The illustrious chairman of this sub-forum reminds you that your foxholes are facing the same way. Please watch that friendly fire.

Oleg
 
Pluspinc; you mean that the price of airfare and food and lodging is NOT included in the $75??? I may have to reconsider my comment about how reasonable the price of your course is! ;) ;) :)

AC; anyone who carries HydraShoks in a 1911 is a person who I respect immensely! I am surprised you find the blast of 125gr. .357 JHP's to be intolerable. My younger daughter uses this very load. Of course, we both wear muffs AND plugs when shooting. She has a Ruger SP-101 with 3" bbl., Mag-Na-Ported.

Buzz knox: regarding this hydrostatic shock phenomenon, the general feeling (but it is controversial) is that it is NOT seen with low velocity bullets, such as handgun bullets. Some even question whether it is seen with high velocity bullets.

This was the problem with the goat study.

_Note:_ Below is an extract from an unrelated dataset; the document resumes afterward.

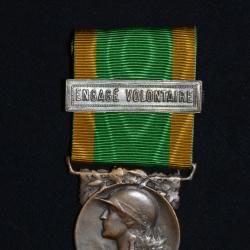 MEDAILLE COMMEMORATIVE-MORLON-GUERRE 1914/1918-ENGAGE VOLONTAIRE-(JEAN GATTY)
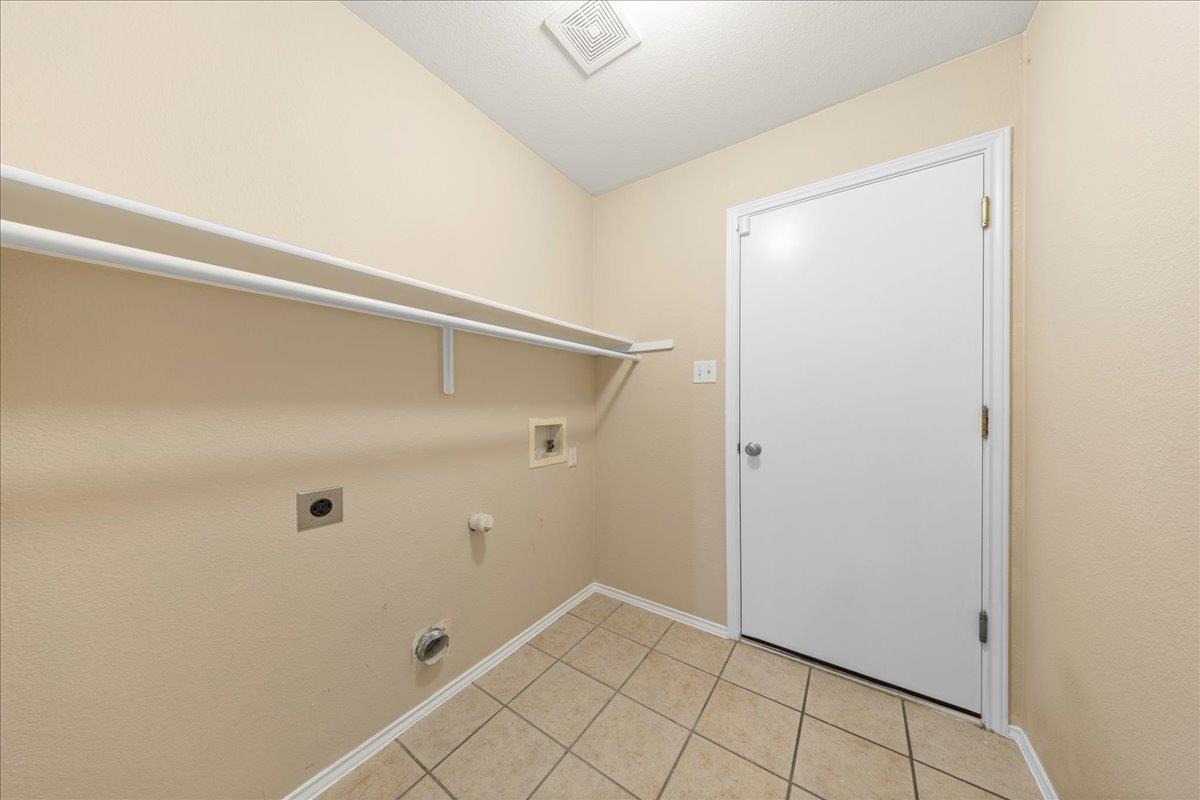 202 Ashbury Dr, Leander, TX 78641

The 'authors' tried to say that handgun bullets could cause an increase in the pressure of the carotid arteries, and this adversely affected the brain, causing incapacitation. The problem is that (assuming that the tests are real) they went to the trouble of putting a 2 kHz pressure tranducer in the carotid artery, and then recorded its' output on the EEG leads, which record electrical activity, NOT pressure.

I am unaware of any scientific evidence that the hydraulic shock phenomenon actually exists. The vascular system is very compliant (flexible) and I doubt a pressure wave would be able to travel all the way down to the smallest vessels which actually feed oxygen to the organs, the capillaries, and damage the tissue. During the regular pumping of the heart, the pressure wave caused by contraction is gone by the time you get to the capillaries. Temporary expansion of larger blood vessels occurs with every heart beat, so hypothesizing that a larger expansion due to hydraulic shock could cause damage is understandable, but I don't think it is likely. Certainly Dr. Fackler did many autopsies on people who died of high velocity bullet wounds, and never found evidence of hydraulic shock damage.

The kinetic energy dump is much the same thing; while some people think that the kinetic energy is magic, I feel that the destruction done to the tissue by the bullet is the real important thing. Certainly tissue damage reduces the kinetic energy of the slug, but I don't think the rate of transfer of kinetic energy (at least in handgun bullets) is all that important. A slow, fullwadcutter cutting a nice sharp hole through vital organs would work just fine, IMHO. If it were moving more rapidly, it may work better, but I wouldn't say that it would have to be slowed rapidly (dump its' kinetic energy) to be effective. One of the perps in the 1986 Miami FBI shoot out took a .357 bullet right in the face; it put him down immediately. Unfortunately, it lodged in his sinuses, doing no real permanent CNS damage, and he woke up a minute or so later, and started to try to shoot back. He certainly had a lot of kinetic energy transferred over a short period of time with only temporary incapacitation.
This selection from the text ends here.